I am not going to pretend to be an expert on international development. One of my reasons for going to New York is so that I can learn more about the issue - and share that process through this blog. But I do like the thoroughly Liberal emphasis on political reform here.
We see the problem of poverty as fundamentally political. Barriers to the poor’s development are political and social as much as economic. Sustainable development and poverty reduction can ultimately only be achieved through political empowerment in and for developing countries.
We will take a political approach to development processes at all levels. A Liberal Democrat Department for International Development (DfID) will remain independent but be better integrated with other departments as part of a government-wide development strategy, focused on poverty reduction and social protection.
We will improve transparency and accountability in UK development spending and demand it in multilateral agencies and transnational corporations. We will aim to enable poor communities to participate in their own development and to hold their governments to account.
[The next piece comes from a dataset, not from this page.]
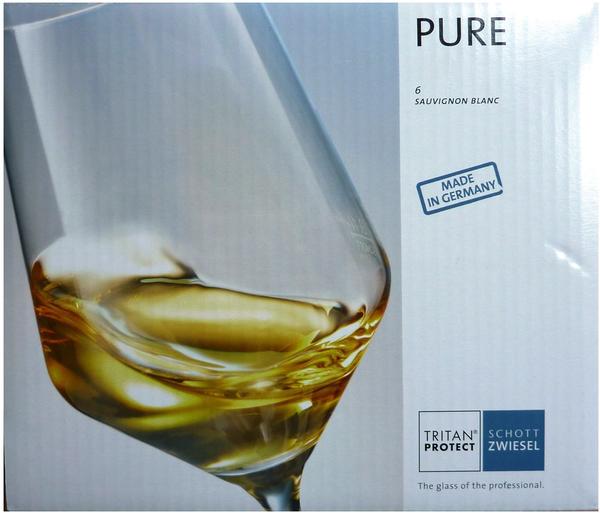Schott-Zwiesel Pure Sauvignon Blanc 6 er Set
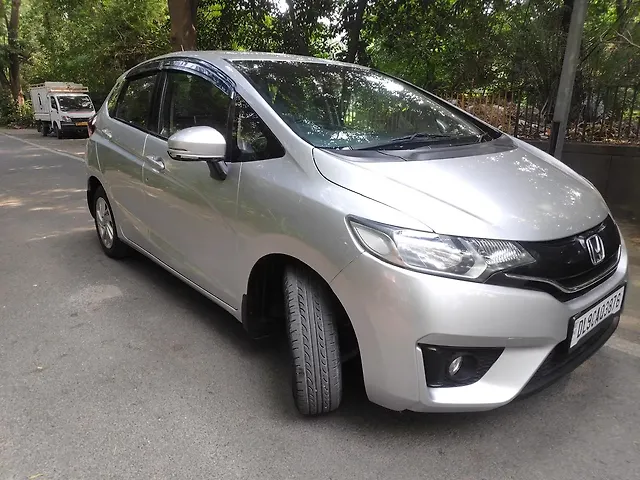 Used Honda Jazz [2015-2018] SV Petrol in Delhi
We will support local government, civil society and political processes in developing countries – especially in fragile and conflict-affected areas.
We will make development assistance more demand-led and encourage governments and societies to reduce their need for aid. Liberal Democrats recognise that development is difficult and that there are limits to what can be achieved through external support.
We will commission local research into obstacles to development; and monitor the impact of our efforts in terms of broad impacts over time.
The Conference debate on Accountability to the Poor will be on the afternoon of Sunday 19 September.